Cuando me desvestí, vio el crono y lo tocó, tirando de él suavemente, pero sin hacer preguntas; deslizó las manos más abajo. Nos tendimos en la cama.

Sabe, el sexo es realmente algo ridículo. Quiero decir el acto sexual, el acto físico. Lo que llamaban hacer el amor, en las novelas del siglo XX; lo que se llama “dormir juntos”. Fíjese cuántos esfuerzos literarios para describir los movimiento de un polvo. ¿A qué nos lleva todo esto?

Tome esa cosa parecida a una pica de carne rígida y métala en esa raja lubricada, frótela de atrás para adelante hasta obtener la carga necesaria capaz de producir una descarga. Como prender un fuego frotando dos palitos. No es nada mágico: colocar el punzón A en la marca B. Frotar hasta que se termine.

Mire el acto y vea lo estúpido que es. Las nalgas que suben y bajan, las piernas que se agitan, los sofocados jadeos, los va y viene… ¿hay algo más idiota que este acto tan básico de las relaciones humanas?
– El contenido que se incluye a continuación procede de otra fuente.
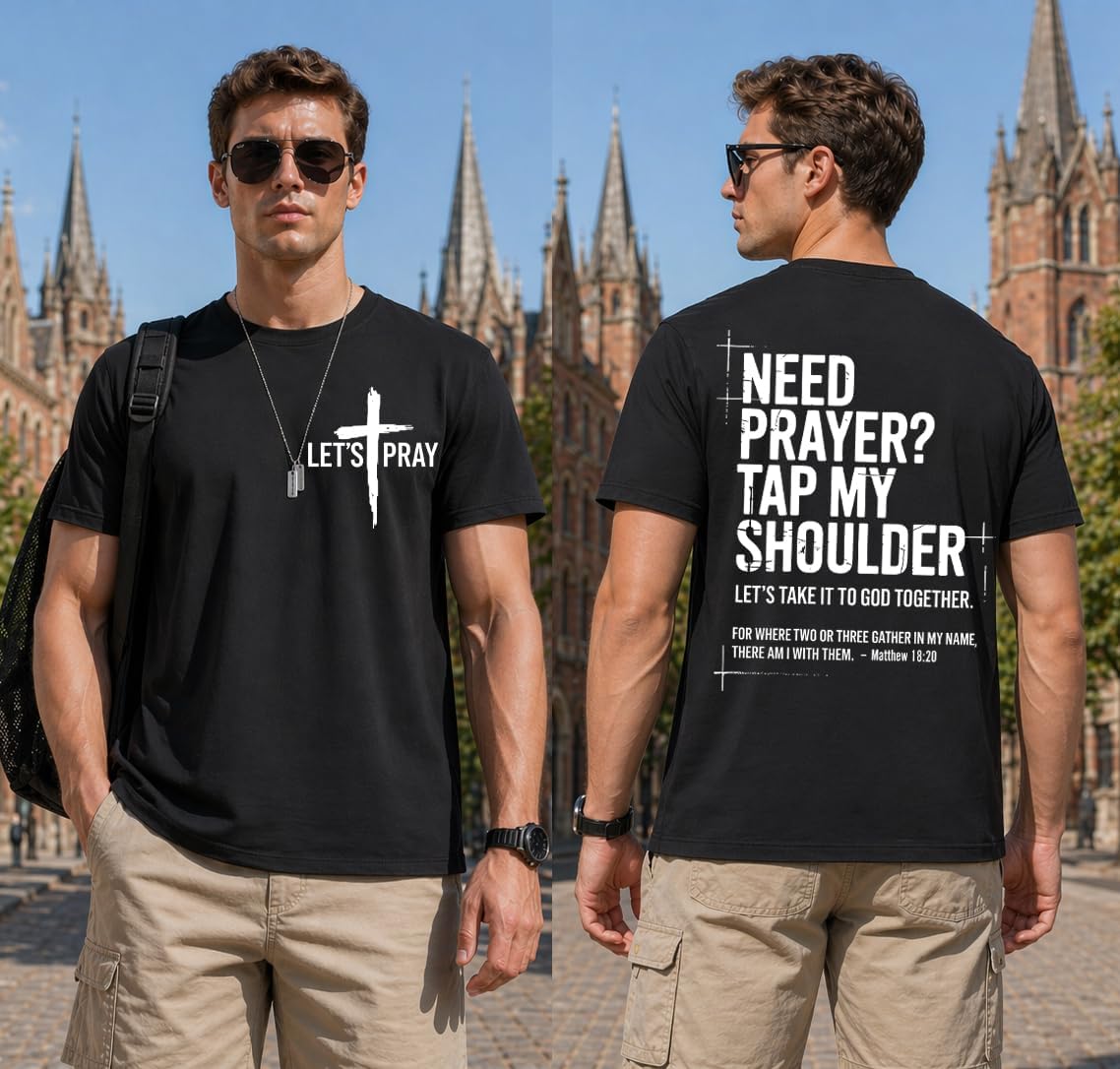 Christian Shirts for Men Need Prayer Tap My Shoulder T-Shirt Cross Faith | Christian Cross Faith Religious Jesus Tshirts Women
Evidentemente, no. Así que, ¿por qué tan agitadas relaciones con Pulcheria me parecían tan importantes a mí? (Y quizá también a ella.).

Mi teoría es que el significado real del sexo, en el buen sentido del término, es simbólico. No es solamente el hecho de estremecerse brevemente de “placer” durante los movimientos del acto. Después de todo, el mismo placer es posible sin compañera, aunque no sea lo mismo, ¿verdad?

No. El sexo es algo más que una contracción de los riñones; es la celebración de una unión espiritual, de una confianza mutua. Cada uno de nosotros le dice al otro en la cama: me ofrezco a ti con la esperanza de que me des placer; por mi parte, intentaré darte placer. A eso lo llamas contrato social. El temblor es fruto del contrato, no del placer, que es tan sólo su aplicación.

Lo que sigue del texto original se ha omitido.